I have written about that transformative event on several occasions. It was much more than life altering; it completely tilted the axis upon which my life rotated. I woke up in a Reno hospital five weeks later not knowing much, but soon found out. It would be an educational experience that was heavy on experience. The various aspects of how that cool October morning touched my life are numerous and when multiplied by nuance, infinite. One of the tiny threads in this complex fabric, however, has current relevance; it has to do with a debate that has turned away from what it is all about to everything it’s not: healthcare reform.

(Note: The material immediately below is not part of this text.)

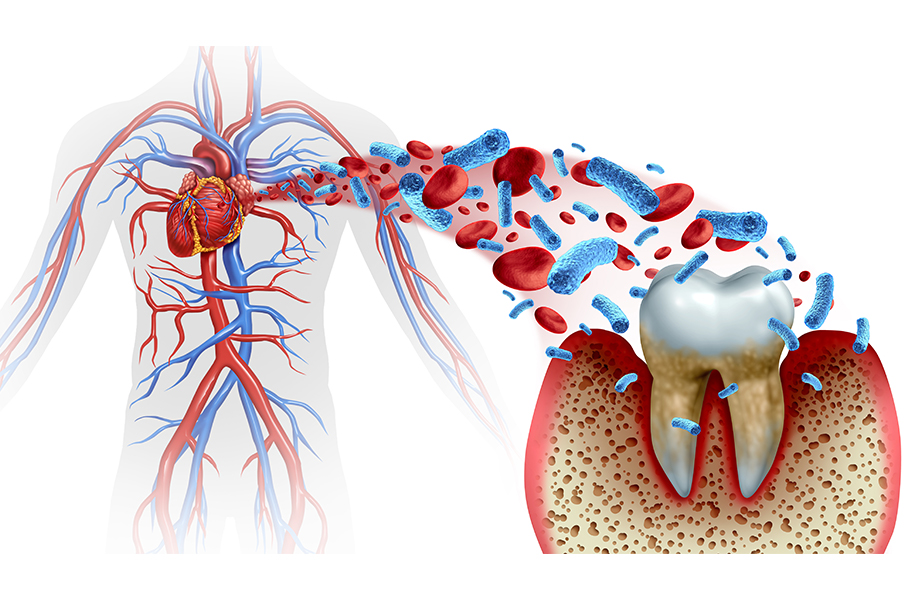 歯周病は進行すると全身に影響する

I’ll not rehash here the need for some kind of healthcare reform. Conservatives and liberals alike largely accept the idea that our current system is seriously dysfunctional. Almost everyone agrees that we need to do something. I was lucky; I had insurance, but that $1,500 deductible is a myth – one that is well hidden in the techno-legal mumbo-jumbo that I could not decipher on my best day. And those in late 2000 and most of 2001 were not my best. In simple but decidedly accurate terms, there are three players in the game: The patient, the doctors (collectively, and the hospitals and the clinicians and the x-ray techs and the anesthesiologists, and, and, and) and the insurance company. Of those three players, two are seasoned professionals; they know the lingo and the bureaucracy… it is their game. The amateur is the patient, but only the patient can lose the game. Only the patient bears the legal responsibility for the cost of his or her care – a cost ultimately determined by the pros.

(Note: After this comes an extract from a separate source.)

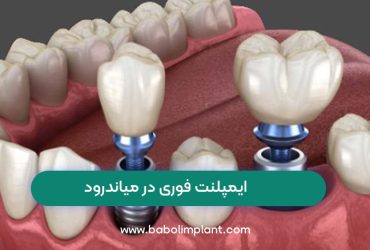 Immediate implants in Meanderod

Suffice it to say that my cost far exceeded my deductible, and for reasons that have not yet, still, been adequately explained. I’m not even sure they know themselves and there is no one person accountable. Except me, by law. And if I can’t pay, we all do. But I cite this only to personify what healthcare (or lack thereof) has become in the greatest and most prosperous country in the world. What gives? Why can’t we fix it? We have identified many of the problems as well as possible solutions many, many times and over many, many years. What could possibly be standing in the way? This should be a rhetorical question, but it is becoming increasingly obvious that it is not, so I’ll answer it: Partisan politics.
And in today’s culture, that really means dirty politics. This is not about helping the people of this nation get covered or reforming what has been for far too long a broken system, it’s about winners and losers. Many of the arguments presented – and accepted – are so ridiculous that reasoned, valid and legitimate debate is no longer taking place. Although it is not at all surprising that the extreme right-wing demagogues would perpetuate these fallacies (death panels? Please…), it is somewhat surprising that so many otherwise rational Republicans (or conservatives) do. Their not so thinly veiled goal is to beat Obama and the Democrats and it has become so pronounced that the concept of reforming healthcare has fallen off the agenda entirely. It is just another game, but the losers remain the same.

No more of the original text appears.